Social and Political Organization. Kinship and politics were mixed in the hierarchical council system that guided aqa-usa, aimak, and dzhon. Yakut explanations of dzhon in the nineteenth century included concepts like "people," "community," or "tribe," territorially defined. Councils were composed of ranked circles of elders, usually men, whose leaders, tayons, were called nobles by Russians. A lineage head was bis-usa-toyon; respected warriors and hunters were batyr. Lineage councils decided major economic issues, interfamily disputes, and questions of blood revenge for violence committed against the group. Aimak and dzhon councils were infrequent, dealing with issues of security, revenge, alliance, and, before Russian control, war. Through war, slaves were captured for service in the wealthiest toyon households. Kin-based councils were rare by the nineteenth century and had little influence on twentieth-century politics. Yet in the Soviet period Yakut remained aware of regional and kin ties and helped kin obtain jobs and political positions. In this period the Yakut elite, some of whom were Communist party members, revived certain traditions, participating in wedding ceremonies and annual festivals once associated with council meetings. To avoid doing so would have been impolitic. Yakut have demanded greater economic and political autonomy from Moscow, and some Yakut politicians, including the elected president, are reformers implementing the new republic constitution. A major ecological movement and democratically elected councils are trying to redress local grievances.

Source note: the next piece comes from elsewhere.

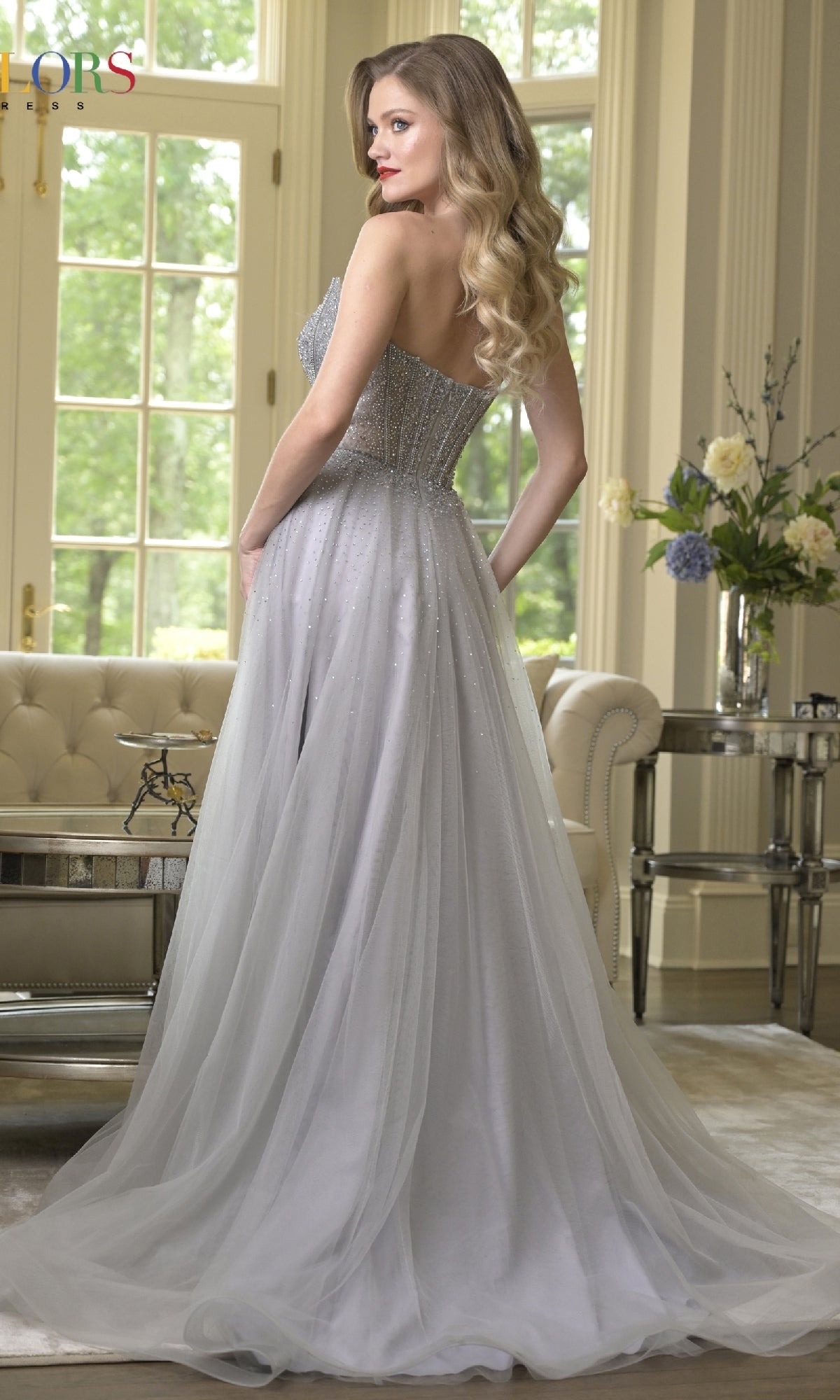 A woman with long blonde hair models the Colors Dress 3879, a strapless prom dress with an embellished corset bodice and tulle A-line skirt, standing in an elegant room with large windows, a sofa, and flowers on a side table.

Social Conflict and Control. In the Soviet period the Communist party controlled the courts and congresses of the Yakut, most of whom felt removed from policy making until the Gorbachev period. Demonstrations erupted on Yakutsk streets several times in the 1980s, mostly by young Yakut protesting police inaction over violent incidents involving Russians and Yakut. Tensions exist between newcomers and natives, developers and ecological activists, and "internationalists" and "nationalists." In addition, minorities, such as the Evenk, Even, and Yukagir, have demanded greater cultural and political rights. In response, a precedent-setting national district within Yakutia, the Even-Bytantaisk Raion, was established in 1989.